Word for word, output every line of the material below, minus pictures.

BEGIN

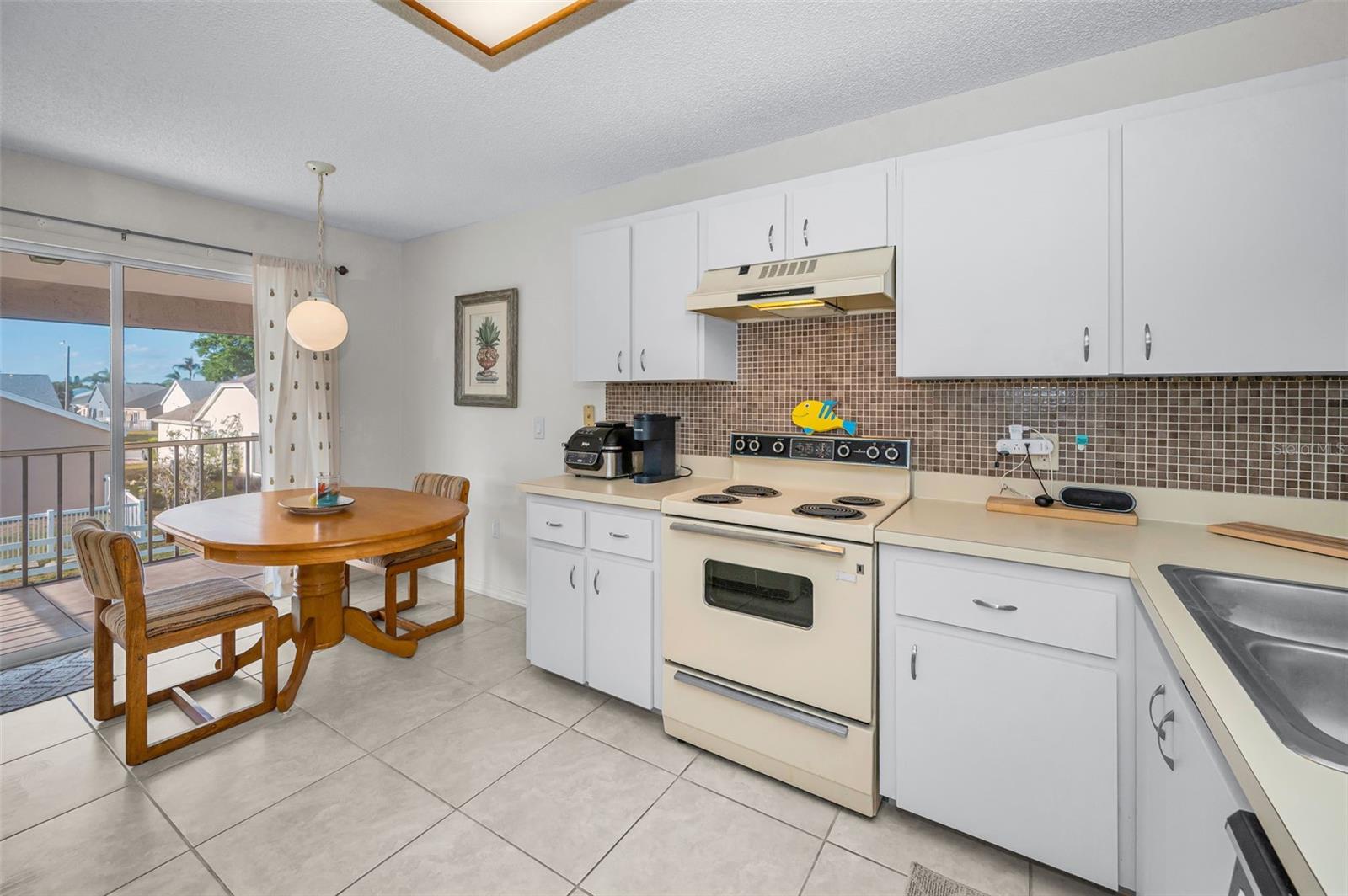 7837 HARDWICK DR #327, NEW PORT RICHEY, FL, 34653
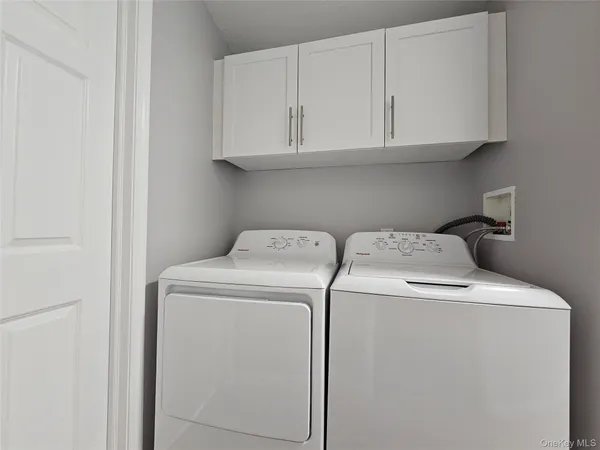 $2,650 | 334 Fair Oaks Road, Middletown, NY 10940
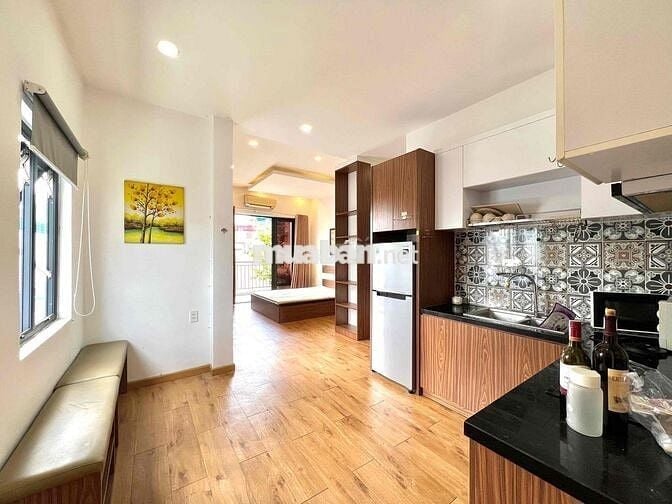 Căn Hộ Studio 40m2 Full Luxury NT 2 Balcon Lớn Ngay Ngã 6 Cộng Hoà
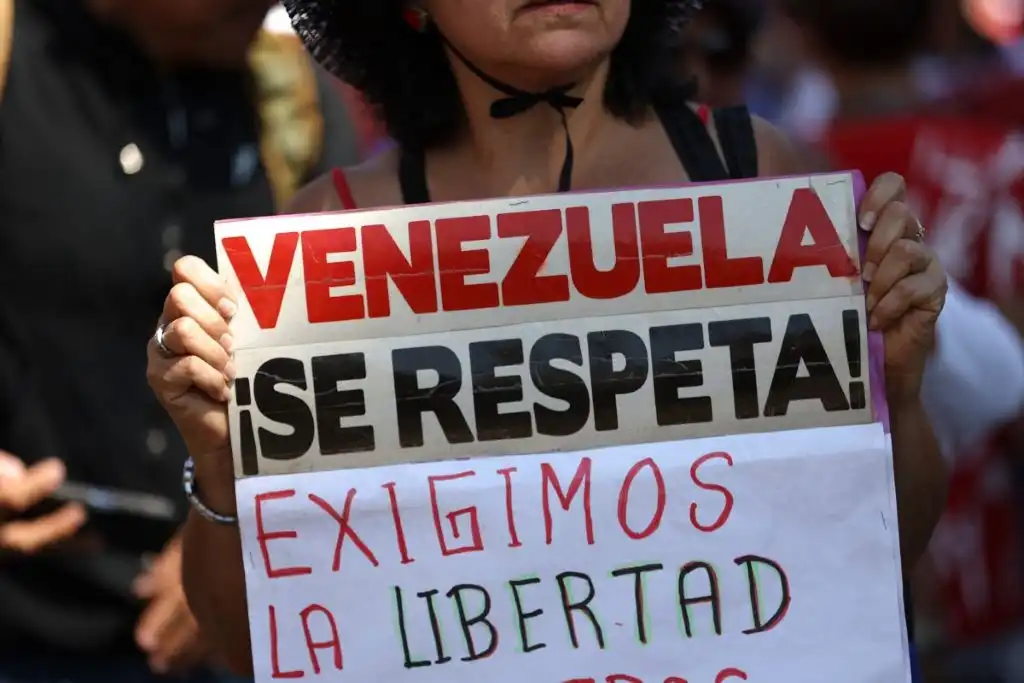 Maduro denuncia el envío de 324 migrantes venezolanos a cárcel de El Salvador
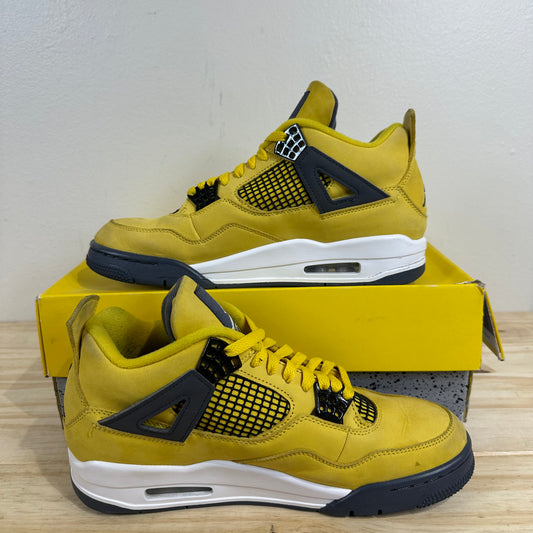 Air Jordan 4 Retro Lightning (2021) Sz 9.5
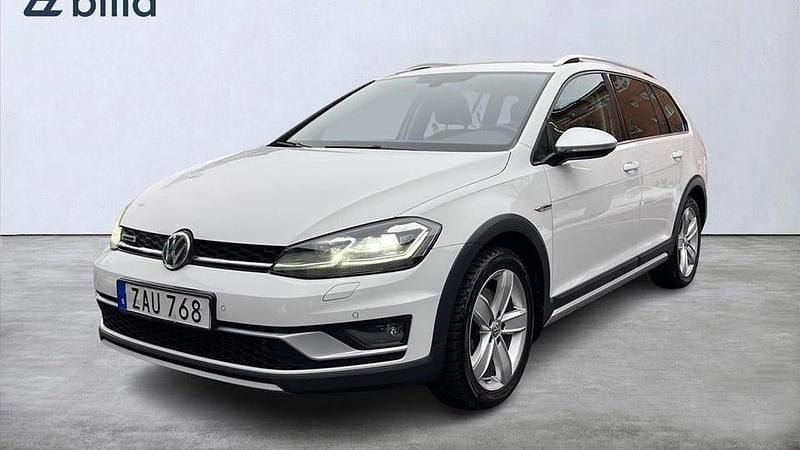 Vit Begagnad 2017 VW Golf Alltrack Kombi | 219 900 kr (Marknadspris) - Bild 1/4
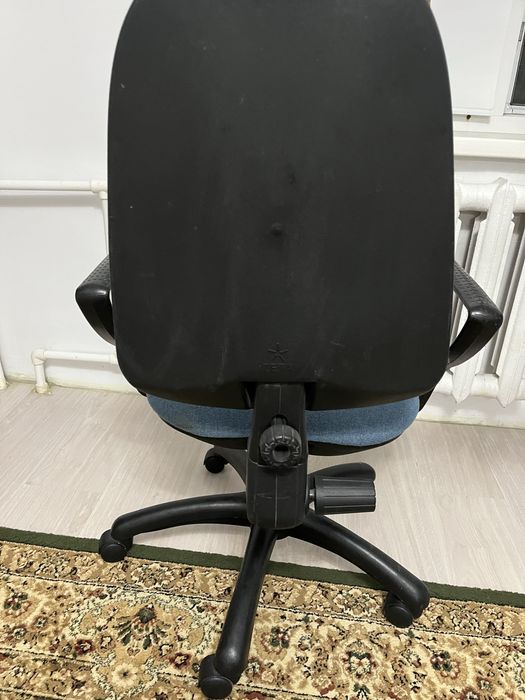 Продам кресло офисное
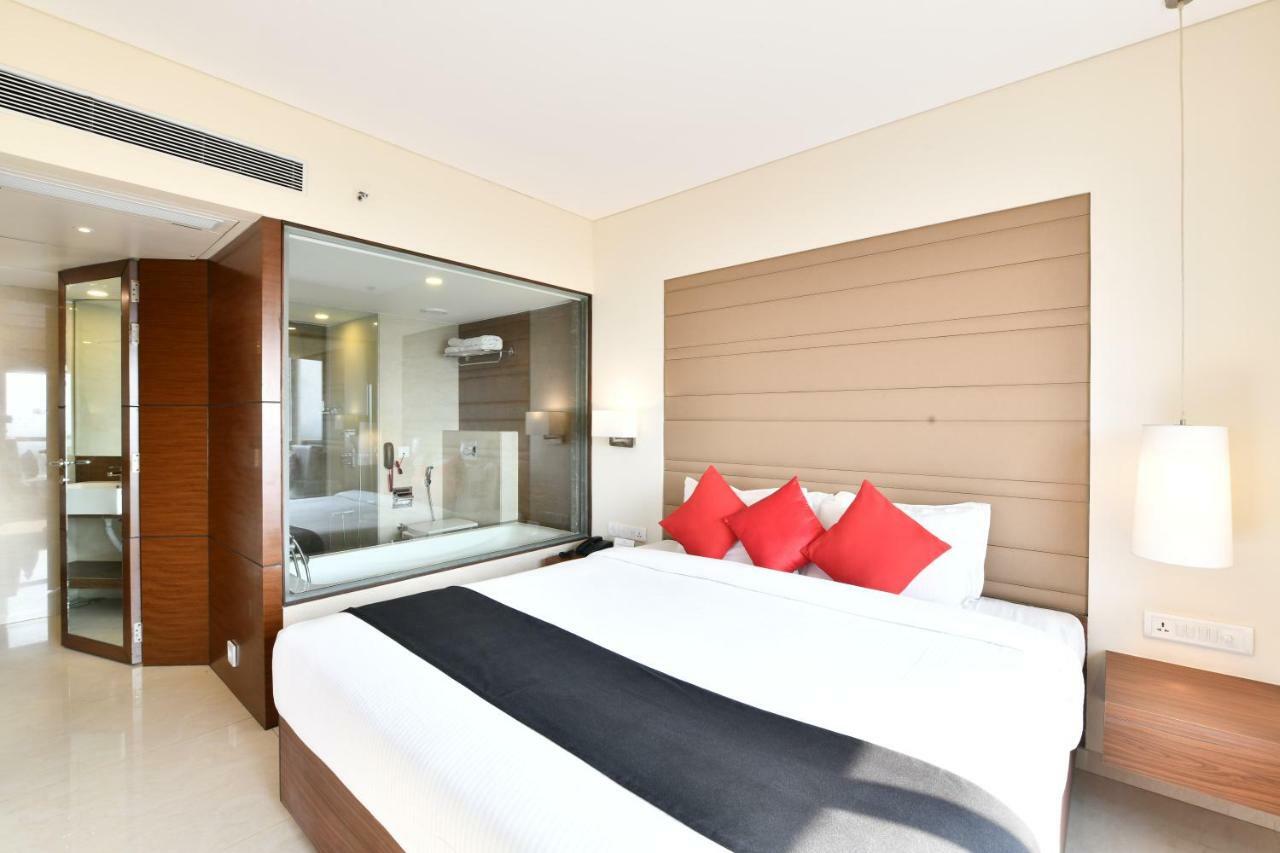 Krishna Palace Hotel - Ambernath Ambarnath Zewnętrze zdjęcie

END

■ **WORKED SOLUTION**:
 7837 HARDWICK DR #327, NEW PORT RICHEY, FL, 34653
 $2,650 | 334 Fair Oaks Road, Middletown, NY 10940
 Căn Hộ Studio 40m2 Full Luxury NT 2 Balcon Lớn Ngay Ngã 6 Cộng Hoà
 Maduro denuncia el envío de 324 migrantes venezolanos a cárcel de El Salvador
 Air Jordan 4 Retro Lightning (2021) Sz 9.5
 Vit Begagnad 2017 VW Golf Alltrack Kombi | 219 900 kr (Marknadspris) - Bild 1/4
 Продам кресло офисное
 Krishna Palace Hotel - Ambernath Ambarnath Zewnętrze zdjęcie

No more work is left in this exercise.